You are with the majority who follow the trodden path of thought. I admire those who have seen and felt more deeply so are capable of deductive reason.
1930
"Many people think that the progress of the human race is based on experiences of an empirical, critical nature, but I say that true knowledge is to be had only through a philosophy of deduction. For it is intuition that improves the world, not just following the trodden path of thought. Intuition makes us look at unrelated facts and then think about them until they can all be brought under one law. To look for related facts means holding onto what one has instead of searching for new facts. Intuition is the father of new knowledge, while empiricism is nothing but an accumulation of old knowledge. Intuition, not intellect, is the ‘open sesame’ of yourself." -- Albert Einstein, in Einstein and the Poet – In Search of the Cosmic Man by William Hermanns (Branden Press, 1983, p. 16.), conversation March 4, 1930
Positive atheists for some reason have become closed to their potential for experiencing INTUITION which enables them to sense the insufficiency of the trodden path of thought. They have become unable to contemplate unrelated facts "and then think about them until they can all be brought under one law." Since this is intolerable for the closed mind, they had to be killed. The world demeans them but those like me admire them.

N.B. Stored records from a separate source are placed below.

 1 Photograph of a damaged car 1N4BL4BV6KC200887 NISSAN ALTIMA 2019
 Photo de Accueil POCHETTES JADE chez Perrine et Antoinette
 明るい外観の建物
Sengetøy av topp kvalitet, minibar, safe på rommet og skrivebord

Are you open to new facts which would reveal the logic behind the virgin birth those like Jesus and Socrates spoke of? I don't think so. It seems so absurd to you that you will revolt against it.
I love the Einstein quote - I had not seen this one before - but I would interpret his meaning a little differently - I'm not sure I understand how you're reading it.

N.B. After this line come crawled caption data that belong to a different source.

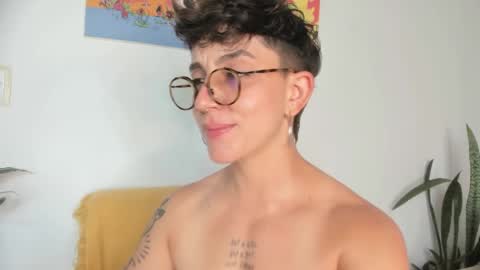 Snapshot of simone_4201 chatting on 27, 1, 2025 Sim. online show from 27, 1, 2025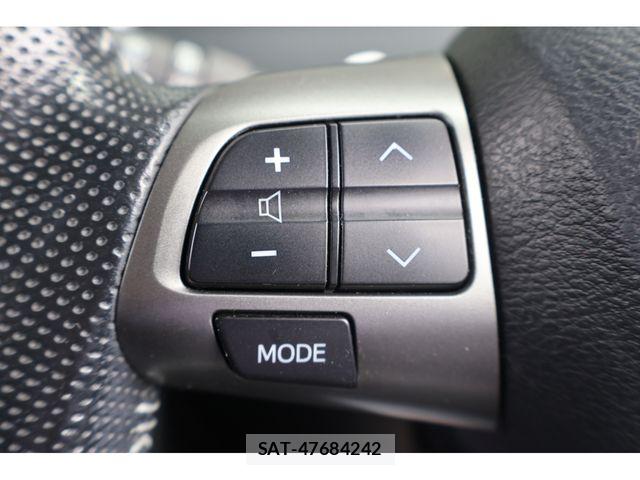 Toyota VOXY 2013-06 8075978-8
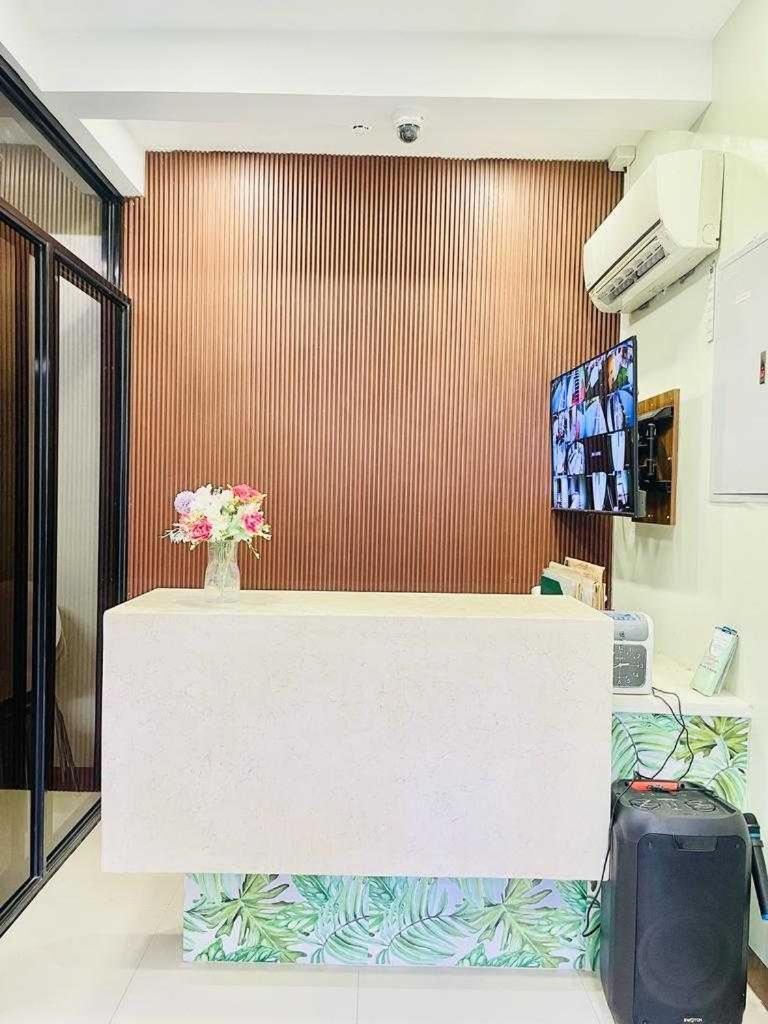 Oyo 1008 Armond Bed And Breakfast マクタン エクステリア 写真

It seems to me that when he mentions 'one law', he is using the word in the sense of 'law of nature'. In other words, he is saying that in deduction, we observe phenomena and based on those observations we create a framework, a theory, which can encompass them all, not the other way around. We don't assume a particular law or conception of reality and then perform empirical studies and make observations to confirm it - but rather, with the observations as a starting point, we develop the conceptions of nature which bring all of those observations into a rational consistency with each other. In a sense, we must be free of particular conceptions in order to develop ones that allow us to understand what was previously unexplainable. Our understanding of our universe is in a perpetual state of evolution - when we begin to believe that we have formed the one correct and true understanding, a model that we think will eventually explain everything, then we've become stuck and our evolution stops. At least that is how I understand this quote.

In pre-scientific times where people were surrounded by things that they did not understand, the idea of a miracle was easier to accept - something unexplained could be understood as supernatural. In modern times, we seem to have lost this because we've become so accustomed to the ability of science to explain everything, that we tend to make the assumption that everything is ultimately explainable in those terms, and in doing to we may close ourselves off to an evolution in our way of thinking. I think maybe that's what you're trying to get at here?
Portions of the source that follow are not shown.